Well this will make for an interesting conference won’t it?
It was late in the day before I was able to view David Shearer on Q and A this morning. But by the time I had watched it I almost wished I hadn’t bothered. Rather than feeling righteously inspired to political activism from watching Key in action instead I was left mourning the state of the Labour leadership. If you can bear it watch the panel response. Even Josie Pagani couldn’t defend his inability to communicate what was vote Labour business. So very disappointing. Here’s what Raymond Miller said:
Oh dear, where to begin with this interview quite frankly? .almost devoid of new ideas…I honestly felt that here is a person who has not been able to clear his head and think through the issues that are very important to his party. He seems to me to be like a very reluctant leader in the kind of Bill Rowling mode and he’s trying to explain himself without the passion or the clarity that you need to be a leader, particularly the Leader of the Opposition.

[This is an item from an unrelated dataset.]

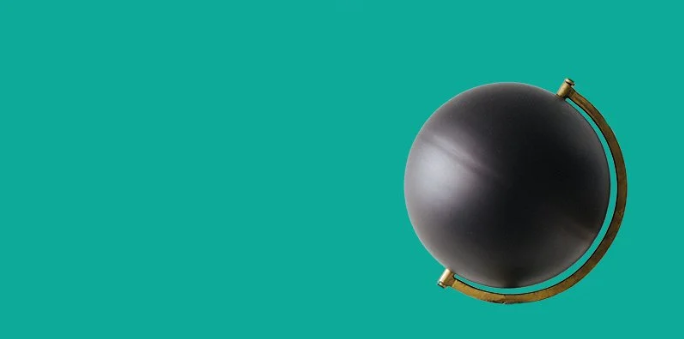 Moet je je merk in elk land registreren?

So what now? Constitutional review up at conference, including changing how leaders are appointed….surely the caucus can’t be satisfied with the current state of things, especially given both Roy Morgan and the NZ Herald polls had Labour down, albeit only just. But anything that sees National increase its lead given their current difficulties is signaling something is not working for Labour. Who is going to make the call on the elephant in the room?
I was pleased to to see Louisa Wall’s Bill pass its first reading. It’s a tangible reminder of how far we have moved as a society since Homosexual law reform progressed so painfully 30 years ago. A good description can be found over at Duncan Garners blog here.
Not directly relevant but interesting nonetheless to observe which Labour MPs vote against it. Now how do you think they would vote in a Robertson versus Cunliffe vote? Politics, it is forever interesting!
Was it just me or did anyone else find Helen Clark’s speech a reminder of what once was? If you missed it here it is. Nothing startling or especially new, but delivered with vision and conviction. The comparison with current leadership is almost too painful to contemplate. I fear New Zealand is not going to create a green smart future if we carry on this current trajectory. Nor are we going to build the political consensus which will allow it to happen without a significant upgrade in the quality of our political leadership.